Data to use ▸
* * *
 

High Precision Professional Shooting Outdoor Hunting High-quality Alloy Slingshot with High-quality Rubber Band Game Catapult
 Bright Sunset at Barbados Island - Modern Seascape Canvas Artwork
* * *
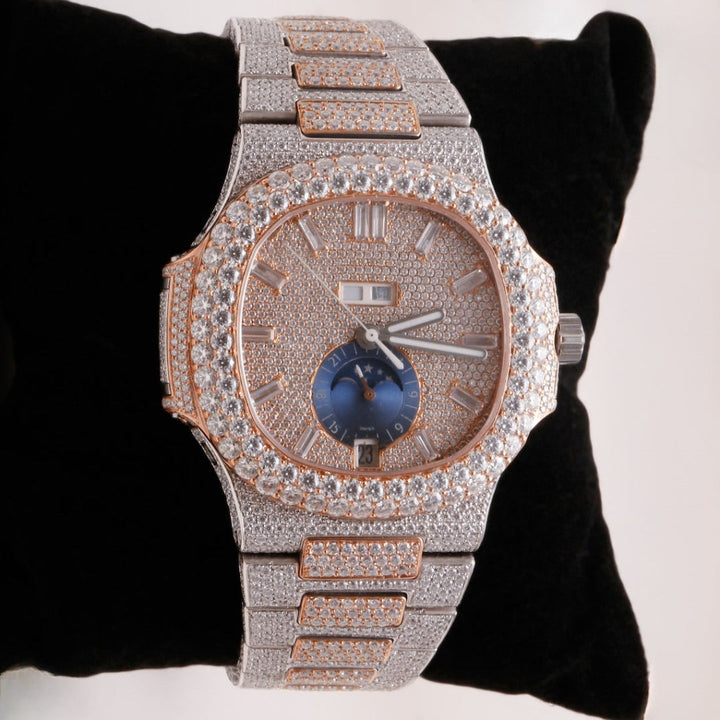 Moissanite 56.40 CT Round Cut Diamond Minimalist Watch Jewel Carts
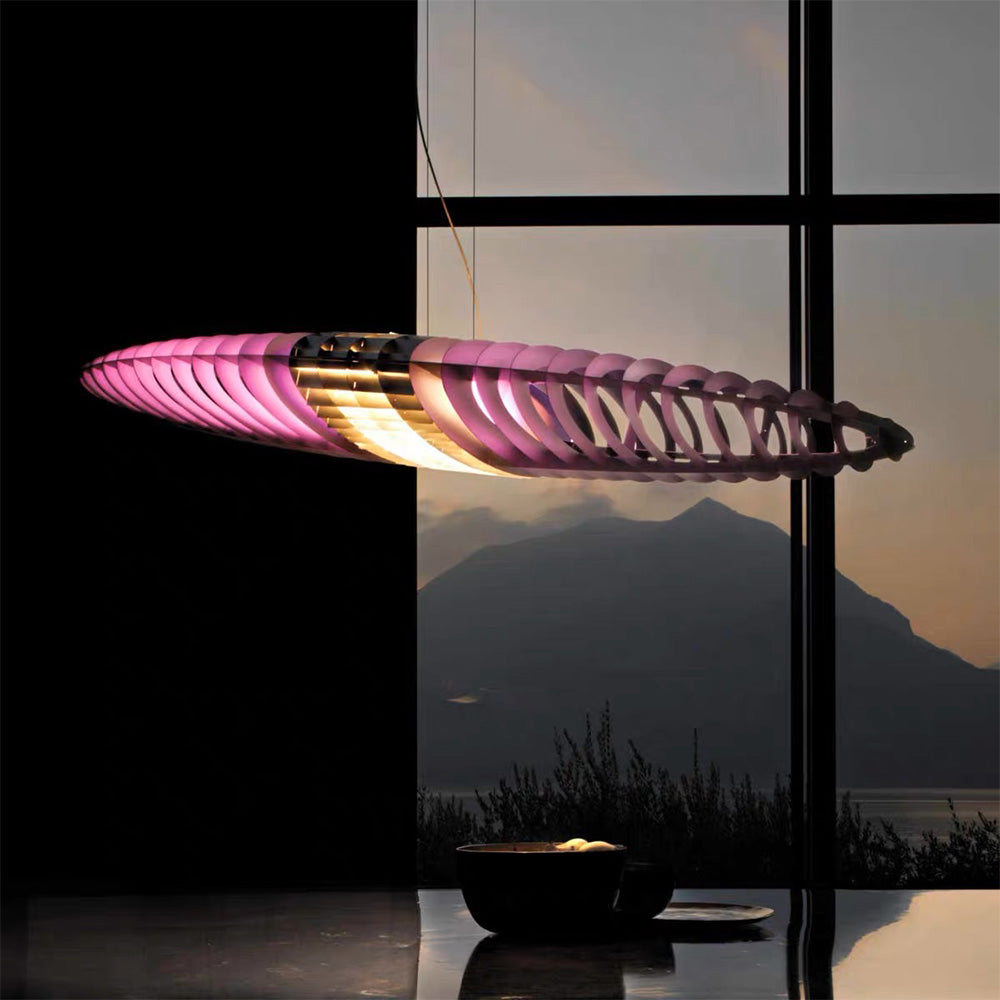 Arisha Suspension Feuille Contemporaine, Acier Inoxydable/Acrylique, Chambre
* * *
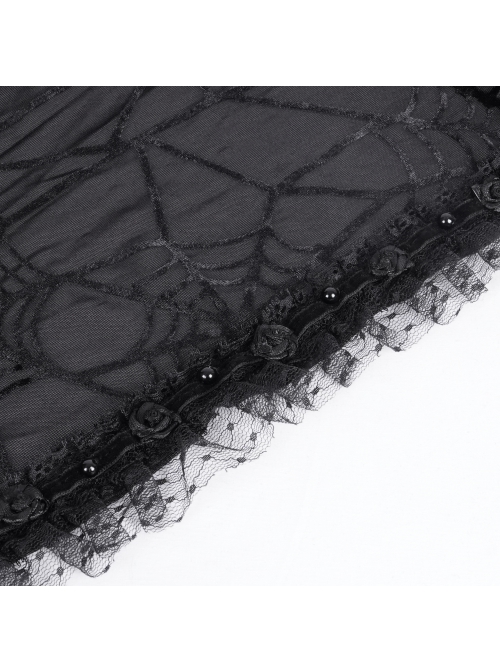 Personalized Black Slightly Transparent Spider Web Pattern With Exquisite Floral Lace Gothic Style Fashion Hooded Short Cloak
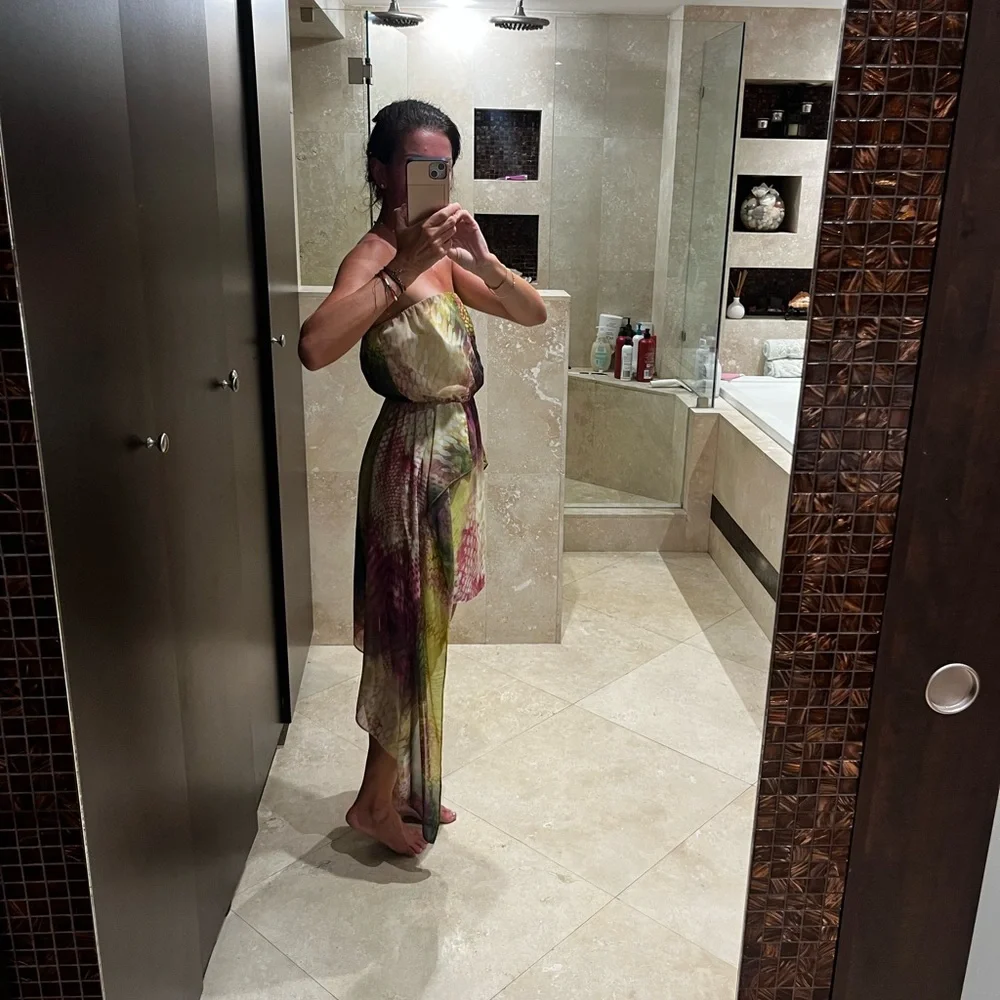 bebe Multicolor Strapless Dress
* * *
Using the entries above, return exactly the lines from the line with "High Precision Professional" to the line with "Bright Sunset at", counting both of those lines.

Result ▸
High Precision Professional Shooting Outdoor Hunting High-quality Alloy Slingshot with High-quality Rubber Band Game Catapult
 Bright Sunset at Barbados Island - Modern Seascape Canvas Artwork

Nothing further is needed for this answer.